* _WORK TO COMPLETE_: Every line from the one holding "Ribbit Top Toad 3pk" through the one holding "دانلود فیلم Reality 2023337907-1596897517" in the data below must be returned exactly, both ends included, with pictures left out and nothing else added.

* _DATA SECTION_:
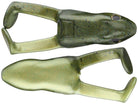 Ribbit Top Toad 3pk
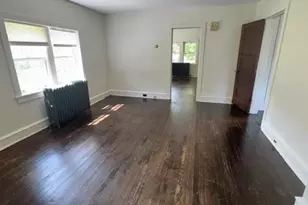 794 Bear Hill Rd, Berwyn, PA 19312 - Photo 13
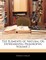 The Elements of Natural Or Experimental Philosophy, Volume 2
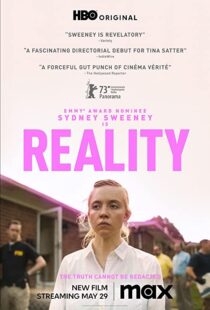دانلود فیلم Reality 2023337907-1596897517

==

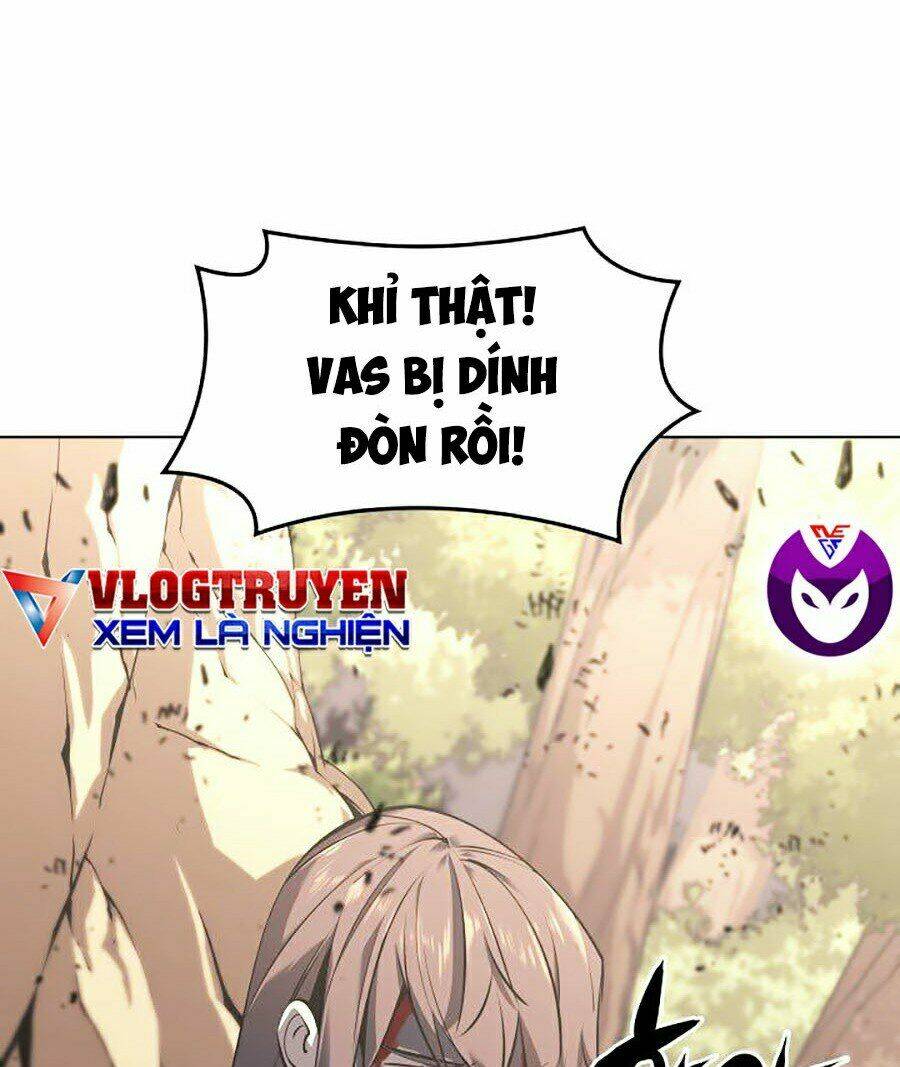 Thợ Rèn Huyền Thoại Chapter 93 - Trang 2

* _OUTPUT FOR THIS TASK_:
 Ribbit Top Toad 3pk
 794 Bear Hill Rd, Berwyn, PA 19312 - Photo 13
 The Elements of Natural Or Experimental Philosophy, Volume 2
دانلود فیلم Reality 2023337907-1596897517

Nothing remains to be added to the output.